Even then, the filmmaking process was very much a case of trial and error. Inspired in part by Lars von Trier’s Breaking the Waves, Hammer and cinematographer Lol Crawley (a Brit who Hammer met for the first time when he showed up on set) shot Ballast largely in long, hand-held master shots with little if any regard for continuity. “I wasn’t interested in traditional coverage, with shots and countershots, that kind of thing,” Hammer says. “Instead, we were basically going to shoot nine takes of something and do it all the way through each time, or at least do three-quarters of a scene. The way the process worked, the actors were saying different things and going to different places in the room from one take to the next. So I was beginning to understand that these long, roving masters would either be used in their entirety or I would have to radically fragment them.”

Hammer then spent two years in an editing room, by himself, doing exactly that. He put together a 147-minute rough cut (nearly an hour longer than the final version of Ballast) he thought about submitting to Sundance for the 2007 festival, “but it just wasn’t there. So I said, ‘I can’t submit it. You have to submit only the very best thing you can, or wait.’ I figured, [waiting] gives me another full year to cut, so I’m going to try every permutation imaginable. And I did.”

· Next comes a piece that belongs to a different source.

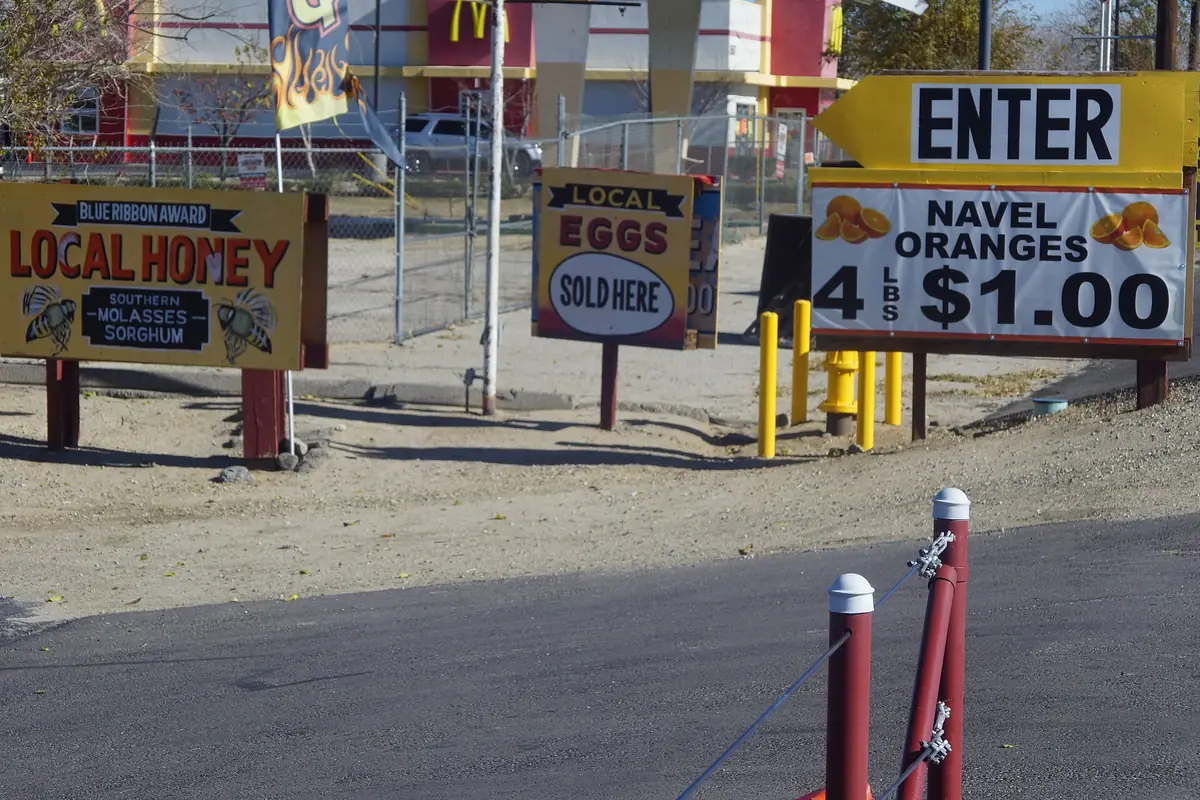 Roadside fruit stand with local honey and navel orange signs near Littlerock CA on Highway 138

The result is a film of a strange and hallucinatory beauty, in which we seem to enter a narrative already in motion, only gradually gleaning important details about the characters and their situations, much in the way the Delta slowly came into focus for Hammer himself. “I’m interested in reducing something to its essence, and removing anything that’s not part of the essence,” Hammer says of the film’s fast-moving, fragmented editing style (which has been curiously mischaracterized by some critics as slow and contemplative). “In getting to that place, I’m thinking of everything … the field of all possibility is how you begin to write, and then you cut, cut, cut until you have only this left, this one little thing. But it was the field of all possibility that created that thing. And still, the field of all possibility is contained in that one piece, the world in a grain of sand.”

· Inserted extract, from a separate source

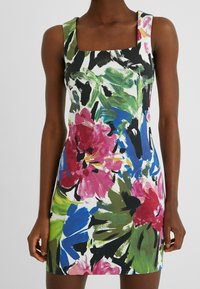 Mouwloze bloemenjurk met brede bandjes, versierd met grote rozen, blauwe, groene en zwarte penseelstreekachtige bloem- en bladvormen.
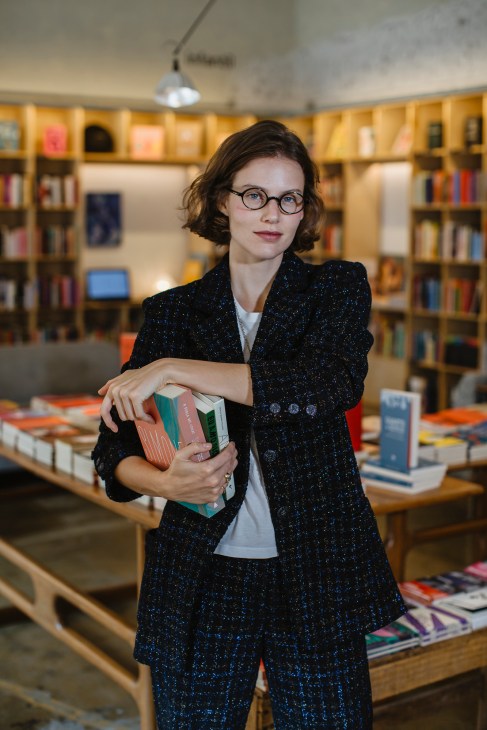 Johanna Stein, founder of Gato Sem Rabo bookshop, holds books in her São Paulo store with wooden shelves.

Yet, for all Ballast’s success at Sundance (where it won the directing and cinematography awards of the dramatic competition) and rapturous critical praise, the film’s road to theaters has been a long and winding one. Shortly after it was acquired for distribution by the venerable IFC Films, Hammer canceled the modest deal, realizing he had as much to gain or lose by releasing the film himself (through the aptly named Alluvial Film Company). For the past two months (itopened in New York in October, and Los Angeles a week ago), he has been doing exactly that, complete with in-person appearances at many screenings — a less costly form of publicity than the thumbnail-size newspaper ads that can cost nearly as much as Ballast’s entire budget. “All the money goes out now. There’s nothing coming in,” says Hammer, who has come a long way from designing CGI cityscapes for Joel Schumacher’s Batman Forever and feeling like he was losing his soul to the Hollywood machine. Now, he says, “I’m happy … I don’t know. The decisions make you; you don’t make the decisions. It all happened for a reason.”